A Bad Review of My Book Made Me Laugh
I dreamed of being a writer from about second grade on, when I wrote my first short story. It was really short, about three or four paragraphs that crept in laborious, painstaking print across the page. That little epic is now in The Lev Raphael Papers at Michigan State University for future scholars of my work to glean infinite meaning from, or just say, "Oh, cute!" and move on.
Whenever I imagined the writing life, I didn't expect my work would ever be purchased by any university's Special Archives, and I certainly didn't expect a sea of glowing reviews. I learned early on from author biographies and even from newspapers -- since I was an avid reader of The New York Times -- that reviews could be harsh.

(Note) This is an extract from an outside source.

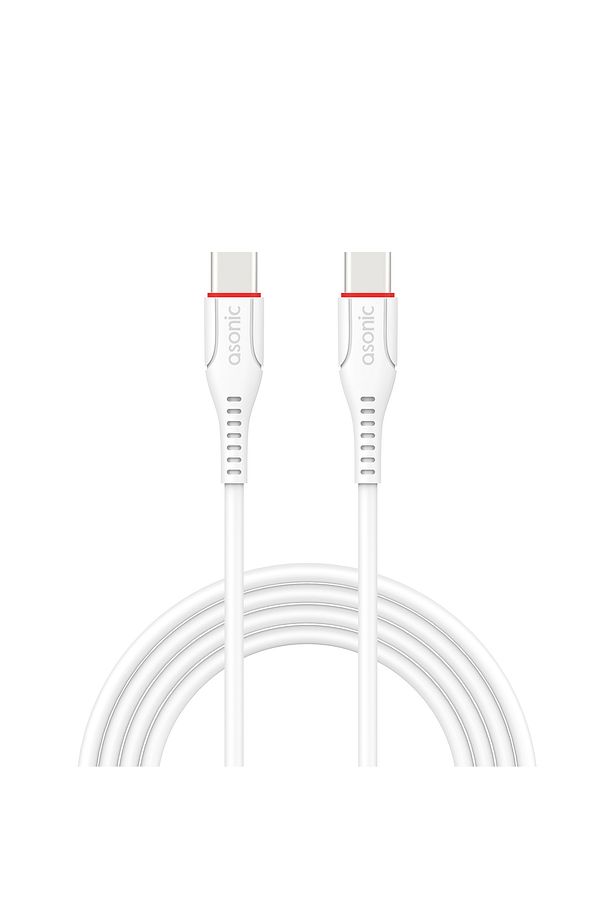 As-x706 Usb-c To Usb-c Hızlı Şarj/data Kablosu 60w Güç Destekli - 1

Over the years, some writers I know actually take vacations to avoid hearing about their reviews, or they turn off their phones and avoid the Internet entirely. Me, I stay home but have my reviews vetted by my spouse: If there's something in them I need to read or might want to read, the review gets passed along or I hear an excerpt. Occasionally this system breaks down when a friend or acquaintance lets me know about something egregious they found in a review. Like the Publishers Weekly reviewer who didn't even know how many mysteries I'd published in my Nick Hoffman series; checking my web site might have been helpful.
One Booklist reviewer obviously hadn't read my novel The German Money carefully because she claimed I dealt with a theme that wasn't even in the book. That was frustrating. But my suspense novel Assault With a Deadly Lie got a wrong-headed review from Kirkus Reviews that actually made me laugh.
For those who aren’t aware, in the publishing world Kirkus has been known by editors, publicists, agents and authors as notorious for its often gratuitously bitchy reviews. And if that sounds hard to believe, one of their editors freely admitted the more-than-occasional nasty tone when we were at a conference. Kirkus can feel like the belligerent alcoholic relative you know is likely to show up at family reunions and spoil the day by getting drunk, starting a fight, and puking into the potato salad.
So what cracked me up about this review of my 25th book? To make a point that completely defies the plot and logic of Assault With a Deadly Lie, the anonymous reviewer said my novel contradicted the message of one of my co-authored books, a book about self-esteem for kids 8-12.
I am not kidding. This nimrod didn't compare my adult thriller to any other book in my Nick Hoffman mystery series, or to anyone else’s thrillers, but wholly inappropriately compared it to a children's self-help book. And the benighted reviewer reached a conclusion that was 100% at odds with what actually happens in the novel and what it means.
I’ve been a print, radio, and online reviewer myself for many years, but a sloppy and inept review like that is a perfect example of P.G. Wodehouse's definition of reviewers: "deaf men tuning a piano."